October 18, 2015
CORNING, NY – State Senator Tom O’Mara (R,-Big Flats), Assemblyman Phil Palmesano (R, Corning) and Assemblyman Chris Friend (R,-Big Flats) today joined local highway superintendents and other local leaders from across the region to deliver a “fair share for local roads and bridges” message to Governor Andrew Cuomo.
The group held a news conference earlier today at the South Corning Highway Garage to draw attention to a recent agreement between Cuomo and New York City Mayor Bill de Blasio that will deliver a new $8.3-billion, state-funded investment to downstate mass transit through the Metropolitan Transportation Authority (MTA).

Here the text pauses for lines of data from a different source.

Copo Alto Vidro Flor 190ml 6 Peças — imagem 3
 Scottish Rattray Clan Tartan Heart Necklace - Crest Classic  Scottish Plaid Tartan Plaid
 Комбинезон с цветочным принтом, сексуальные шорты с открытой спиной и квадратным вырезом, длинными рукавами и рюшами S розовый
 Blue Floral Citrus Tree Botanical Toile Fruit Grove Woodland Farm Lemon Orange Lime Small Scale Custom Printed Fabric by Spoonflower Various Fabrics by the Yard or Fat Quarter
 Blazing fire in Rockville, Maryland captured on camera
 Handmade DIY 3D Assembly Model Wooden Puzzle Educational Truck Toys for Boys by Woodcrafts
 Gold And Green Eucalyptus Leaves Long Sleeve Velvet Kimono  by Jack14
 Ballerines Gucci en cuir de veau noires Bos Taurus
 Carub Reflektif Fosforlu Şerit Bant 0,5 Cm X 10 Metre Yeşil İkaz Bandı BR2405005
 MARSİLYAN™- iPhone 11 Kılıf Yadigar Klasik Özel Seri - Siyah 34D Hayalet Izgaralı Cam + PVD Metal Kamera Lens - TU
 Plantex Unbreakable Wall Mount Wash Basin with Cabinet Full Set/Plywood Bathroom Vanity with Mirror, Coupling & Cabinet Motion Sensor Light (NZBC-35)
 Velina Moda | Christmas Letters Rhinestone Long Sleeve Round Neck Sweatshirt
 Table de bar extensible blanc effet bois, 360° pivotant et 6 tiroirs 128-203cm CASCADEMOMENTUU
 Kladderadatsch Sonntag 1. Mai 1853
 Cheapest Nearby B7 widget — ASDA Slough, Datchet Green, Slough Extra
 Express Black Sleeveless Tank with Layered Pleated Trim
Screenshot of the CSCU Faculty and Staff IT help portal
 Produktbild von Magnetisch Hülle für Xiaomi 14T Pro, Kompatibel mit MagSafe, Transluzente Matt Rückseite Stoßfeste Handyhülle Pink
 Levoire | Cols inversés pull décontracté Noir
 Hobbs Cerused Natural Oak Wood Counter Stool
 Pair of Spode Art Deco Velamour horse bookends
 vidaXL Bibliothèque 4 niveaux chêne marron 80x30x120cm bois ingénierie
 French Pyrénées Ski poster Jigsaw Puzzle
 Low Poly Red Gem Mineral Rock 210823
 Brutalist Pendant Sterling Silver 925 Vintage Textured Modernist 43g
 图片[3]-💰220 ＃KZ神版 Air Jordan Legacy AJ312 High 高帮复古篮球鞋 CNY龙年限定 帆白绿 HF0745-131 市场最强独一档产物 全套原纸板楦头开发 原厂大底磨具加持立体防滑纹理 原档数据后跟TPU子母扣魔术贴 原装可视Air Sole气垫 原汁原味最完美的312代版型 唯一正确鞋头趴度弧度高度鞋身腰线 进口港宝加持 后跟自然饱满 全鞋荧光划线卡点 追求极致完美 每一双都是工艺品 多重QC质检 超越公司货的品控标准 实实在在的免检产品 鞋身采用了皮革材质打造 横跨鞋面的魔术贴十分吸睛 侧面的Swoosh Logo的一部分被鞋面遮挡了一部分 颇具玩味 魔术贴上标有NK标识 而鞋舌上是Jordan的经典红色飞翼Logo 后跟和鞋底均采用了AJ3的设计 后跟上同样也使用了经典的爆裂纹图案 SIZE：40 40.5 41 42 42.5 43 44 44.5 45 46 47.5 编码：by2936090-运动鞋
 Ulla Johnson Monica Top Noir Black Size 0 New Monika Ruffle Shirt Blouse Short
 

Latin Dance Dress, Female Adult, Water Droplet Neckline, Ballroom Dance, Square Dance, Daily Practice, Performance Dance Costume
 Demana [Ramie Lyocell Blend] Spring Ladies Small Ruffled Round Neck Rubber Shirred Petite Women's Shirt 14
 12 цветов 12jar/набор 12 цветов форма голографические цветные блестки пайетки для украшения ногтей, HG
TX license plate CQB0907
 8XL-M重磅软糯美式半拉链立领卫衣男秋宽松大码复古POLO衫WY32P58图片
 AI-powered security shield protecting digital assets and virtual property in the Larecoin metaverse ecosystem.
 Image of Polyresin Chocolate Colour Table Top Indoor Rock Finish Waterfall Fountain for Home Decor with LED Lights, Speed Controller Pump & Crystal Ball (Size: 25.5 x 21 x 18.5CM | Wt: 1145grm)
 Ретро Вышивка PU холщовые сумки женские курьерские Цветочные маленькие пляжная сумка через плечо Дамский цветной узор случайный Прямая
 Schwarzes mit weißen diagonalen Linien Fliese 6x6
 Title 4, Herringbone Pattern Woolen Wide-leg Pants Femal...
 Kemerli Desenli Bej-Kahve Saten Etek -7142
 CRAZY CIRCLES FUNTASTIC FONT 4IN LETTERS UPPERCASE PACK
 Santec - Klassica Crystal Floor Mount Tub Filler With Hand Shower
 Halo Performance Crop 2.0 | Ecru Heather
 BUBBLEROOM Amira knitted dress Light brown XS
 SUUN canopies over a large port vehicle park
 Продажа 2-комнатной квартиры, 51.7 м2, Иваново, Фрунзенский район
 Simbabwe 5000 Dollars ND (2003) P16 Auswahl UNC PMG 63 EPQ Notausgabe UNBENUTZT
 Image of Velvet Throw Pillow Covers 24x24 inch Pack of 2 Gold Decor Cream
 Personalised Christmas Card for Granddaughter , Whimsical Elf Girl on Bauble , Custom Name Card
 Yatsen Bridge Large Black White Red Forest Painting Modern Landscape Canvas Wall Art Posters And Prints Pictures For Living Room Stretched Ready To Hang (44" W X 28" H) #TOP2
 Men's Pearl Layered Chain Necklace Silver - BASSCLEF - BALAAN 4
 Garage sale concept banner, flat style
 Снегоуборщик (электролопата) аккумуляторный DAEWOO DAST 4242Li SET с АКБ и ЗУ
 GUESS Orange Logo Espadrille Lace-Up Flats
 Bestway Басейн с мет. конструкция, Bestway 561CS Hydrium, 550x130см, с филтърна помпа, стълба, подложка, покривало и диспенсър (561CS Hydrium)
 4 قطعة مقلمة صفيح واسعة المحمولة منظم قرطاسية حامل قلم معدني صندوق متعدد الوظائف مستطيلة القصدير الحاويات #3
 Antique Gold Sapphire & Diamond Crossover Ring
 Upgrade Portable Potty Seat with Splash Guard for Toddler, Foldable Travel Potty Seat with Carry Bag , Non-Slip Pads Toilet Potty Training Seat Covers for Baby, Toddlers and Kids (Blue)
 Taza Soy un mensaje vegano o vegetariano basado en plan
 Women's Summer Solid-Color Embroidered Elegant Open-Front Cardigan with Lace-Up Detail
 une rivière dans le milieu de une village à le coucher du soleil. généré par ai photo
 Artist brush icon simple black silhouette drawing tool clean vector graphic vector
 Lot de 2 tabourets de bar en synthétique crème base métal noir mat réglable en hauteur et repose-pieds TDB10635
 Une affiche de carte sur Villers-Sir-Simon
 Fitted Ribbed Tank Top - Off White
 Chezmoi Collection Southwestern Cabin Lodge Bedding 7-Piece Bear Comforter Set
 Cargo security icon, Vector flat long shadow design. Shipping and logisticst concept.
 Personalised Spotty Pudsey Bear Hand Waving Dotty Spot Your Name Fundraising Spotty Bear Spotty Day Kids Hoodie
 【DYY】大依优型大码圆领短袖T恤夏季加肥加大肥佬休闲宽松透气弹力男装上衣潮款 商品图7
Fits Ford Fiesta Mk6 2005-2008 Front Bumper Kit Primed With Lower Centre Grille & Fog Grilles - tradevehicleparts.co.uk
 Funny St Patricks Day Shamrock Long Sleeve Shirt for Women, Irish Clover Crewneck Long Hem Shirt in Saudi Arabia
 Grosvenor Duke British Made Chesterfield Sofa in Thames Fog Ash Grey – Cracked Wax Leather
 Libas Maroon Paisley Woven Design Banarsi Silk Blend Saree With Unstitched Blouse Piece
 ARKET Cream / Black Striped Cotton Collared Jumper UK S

In a joint statement, O’Mara, Palmesano and Friend said, “If Governor Cuomo and legislative leaders are going to find billions of dollars for downstate mass transit in next year’s state budget, we want to make sure that local roads, bridges and culverts across the Southern Tier and Finger Lakes regions, and throughout the state, receive a fair share of state assistance through CHIPS and other investments. The improvement and repair of highways and bridges across this region and statewide are going unmet even though motorists keep delivering billions of dollars in taxes and fees to the state every year that are supposed to be dedicated to maintaining local roads and bridges.”
Congressman Tom Reed said, “I am using my voice to fight to ensure that the Southern Tier has access to its fair share of state and federal transportation funding because I care about the people of our area.
Investing in our roads and bridges is critical to the local economy creating immediate construction jobs and ultimately making Western New York a better place to live and work.”
The lawmakers noted that for the past three years, O’Mara and Palmesano have led a bipartisan group of state legislators in the Senate and Assembly, together with county and town highway superintendents and other local leaders from across New York, to call for increased state support for local roads, bridges and culverts through the Consolidated Highway Improvement Program (CHIPS). This year’s effort drew the support of 114 state legislators, or more than half of the State Legislature’s entire membership.